[[ Given entries open ]]
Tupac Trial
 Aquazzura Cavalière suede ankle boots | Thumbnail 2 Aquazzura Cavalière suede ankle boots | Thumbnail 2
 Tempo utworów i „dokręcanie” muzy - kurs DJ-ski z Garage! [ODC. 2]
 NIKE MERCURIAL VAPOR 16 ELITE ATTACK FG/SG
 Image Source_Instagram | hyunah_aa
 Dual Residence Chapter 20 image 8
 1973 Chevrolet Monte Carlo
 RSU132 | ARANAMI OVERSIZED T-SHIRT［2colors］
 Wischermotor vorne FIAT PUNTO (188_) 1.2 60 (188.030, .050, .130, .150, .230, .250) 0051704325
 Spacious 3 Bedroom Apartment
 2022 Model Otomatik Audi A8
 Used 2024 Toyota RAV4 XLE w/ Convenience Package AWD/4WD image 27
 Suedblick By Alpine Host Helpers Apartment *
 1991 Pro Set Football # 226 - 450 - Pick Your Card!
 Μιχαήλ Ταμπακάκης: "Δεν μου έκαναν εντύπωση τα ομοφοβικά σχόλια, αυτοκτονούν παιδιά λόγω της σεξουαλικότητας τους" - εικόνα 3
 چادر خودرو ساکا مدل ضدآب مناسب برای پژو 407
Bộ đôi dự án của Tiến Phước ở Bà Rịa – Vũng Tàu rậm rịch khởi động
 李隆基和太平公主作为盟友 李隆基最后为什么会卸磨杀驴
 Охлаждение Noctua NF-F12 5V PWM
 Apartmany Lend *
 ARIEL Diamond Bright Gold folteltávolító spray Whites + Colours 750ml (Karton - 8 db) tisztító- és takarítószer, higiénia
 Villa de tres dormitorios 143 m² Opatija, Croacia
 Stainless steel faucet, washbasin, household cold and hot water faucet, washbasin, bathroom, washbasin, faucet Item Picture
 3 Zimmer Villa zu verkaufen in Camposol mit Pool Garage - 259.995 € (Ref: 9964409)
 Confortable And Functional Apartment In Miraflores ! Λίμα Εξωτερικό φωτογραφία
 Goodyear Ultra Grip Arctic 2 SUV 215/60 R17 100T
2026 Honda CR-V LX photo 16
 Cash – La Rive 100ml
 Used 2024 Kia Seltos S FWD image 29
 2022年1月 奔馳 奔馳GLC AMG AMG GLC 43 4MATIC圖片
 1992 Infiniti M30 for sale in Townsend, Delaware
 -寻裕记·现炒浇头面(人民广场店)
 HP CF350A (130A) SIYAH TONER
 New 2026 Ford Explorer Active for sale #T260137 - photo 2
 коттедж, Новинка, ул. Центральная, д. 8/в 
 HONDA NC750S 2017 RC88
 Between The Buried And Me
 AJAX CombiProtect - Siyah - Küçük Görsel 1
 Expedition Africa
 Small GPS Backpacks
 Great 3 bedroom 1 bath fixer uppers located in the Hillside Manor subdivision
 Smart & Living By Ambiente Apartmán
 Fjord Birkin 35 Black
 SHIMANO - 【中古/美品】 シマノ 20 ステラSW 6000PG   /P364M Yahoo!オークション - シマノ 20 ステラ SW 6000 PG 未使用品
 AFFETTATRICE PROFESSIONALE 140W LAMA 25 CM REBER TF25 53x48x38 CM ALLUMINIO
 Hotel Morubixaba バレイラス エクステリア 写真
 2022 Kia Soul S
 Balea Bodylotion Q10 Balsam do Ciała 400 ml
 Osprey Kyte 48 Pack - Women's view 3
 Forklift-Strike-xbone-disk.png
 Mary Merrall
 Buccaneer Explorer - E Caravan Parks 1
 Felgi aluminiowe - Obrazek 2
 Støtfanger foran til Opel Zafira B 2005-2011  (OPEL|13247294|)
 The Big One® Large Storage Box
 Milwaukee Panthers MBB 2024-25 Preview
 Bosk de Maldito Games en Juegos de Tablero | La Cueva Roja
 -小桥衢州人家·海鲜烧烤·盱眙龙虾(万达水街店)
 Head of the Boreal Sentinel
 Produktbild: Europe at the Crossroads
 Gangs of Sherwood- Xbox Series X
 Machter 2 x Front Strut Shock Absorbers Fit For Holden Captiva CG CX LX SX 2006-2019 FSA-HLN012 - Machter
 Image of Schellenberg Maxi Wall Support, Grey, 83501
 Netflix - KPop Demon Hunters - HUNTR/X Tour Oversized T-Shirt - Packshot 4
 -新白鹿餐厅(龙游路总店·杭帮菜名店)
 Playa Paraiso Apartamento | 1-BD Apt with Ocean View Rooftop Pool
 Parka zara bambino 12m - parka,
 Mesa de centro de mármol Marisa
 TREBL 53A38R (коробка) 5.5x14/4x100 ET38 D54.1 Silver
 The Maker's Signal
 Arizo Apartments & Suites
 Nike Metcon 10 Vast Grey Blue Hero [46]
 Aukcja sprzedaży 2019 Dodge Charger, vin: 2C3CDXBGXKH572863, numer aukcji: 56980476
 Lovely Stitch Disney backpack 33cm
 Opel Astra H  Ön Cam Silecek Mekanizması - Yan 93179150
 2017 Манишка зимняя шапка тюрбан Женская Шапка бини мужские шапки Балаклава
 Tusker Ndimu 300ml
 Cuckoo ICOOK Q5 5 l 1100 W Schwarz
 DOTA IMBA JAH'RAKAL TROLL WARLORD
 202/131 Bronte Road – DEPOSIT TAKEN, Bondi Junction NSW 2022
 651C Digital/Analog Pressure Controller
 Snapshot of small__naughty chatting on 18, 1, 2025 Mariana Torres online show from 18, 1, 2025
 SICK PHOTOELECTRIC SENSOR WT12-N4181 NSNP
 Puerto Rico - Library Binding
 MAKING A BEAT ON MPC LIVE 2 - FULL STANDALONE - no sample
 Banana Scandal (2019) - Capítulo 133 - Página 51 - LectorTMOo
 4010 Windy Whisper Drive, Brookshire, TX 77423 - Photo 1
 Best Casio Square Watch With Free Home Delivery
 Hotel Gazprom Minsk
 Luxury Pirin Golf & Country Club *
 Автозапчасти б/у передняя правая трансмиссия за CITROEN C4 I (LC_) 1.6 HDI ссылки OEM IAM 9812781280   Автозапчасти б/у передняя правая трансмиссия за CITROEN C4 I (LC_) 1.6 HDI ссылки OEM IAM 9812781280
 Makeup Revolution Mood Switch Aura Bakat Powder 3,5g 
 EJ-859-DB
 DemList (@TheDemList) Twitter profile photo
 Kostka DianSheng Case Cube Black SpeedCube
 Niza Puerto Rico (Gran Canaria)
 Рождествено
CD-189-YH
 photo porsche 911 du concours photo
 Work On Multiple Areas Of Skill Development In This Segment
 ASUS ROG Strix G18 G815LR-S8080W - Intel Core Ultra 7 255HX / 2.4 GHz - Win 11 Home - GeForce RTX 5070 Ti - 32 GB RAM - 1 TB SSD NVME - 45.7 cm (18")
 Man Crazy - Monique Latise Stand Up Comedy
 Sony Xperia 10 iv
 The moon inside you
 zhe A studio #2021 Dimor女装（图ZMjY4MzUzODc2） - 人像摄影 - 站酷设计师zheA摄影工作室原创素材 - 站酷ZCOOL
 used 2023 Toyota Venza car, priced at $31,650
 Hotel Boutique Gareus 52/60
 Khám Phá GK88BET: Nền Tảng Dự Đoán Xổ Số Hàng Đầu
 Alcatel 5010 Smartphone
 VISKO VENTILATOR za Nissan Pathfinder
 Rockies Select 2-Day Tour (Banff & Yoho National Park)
[[ Given entries closed ]]
Within the entries, find all lines that contain "Black" and copy each one.

 Fjord Birkin 35 Black
 Kostka DianSheng Case Cube Black SpeedCube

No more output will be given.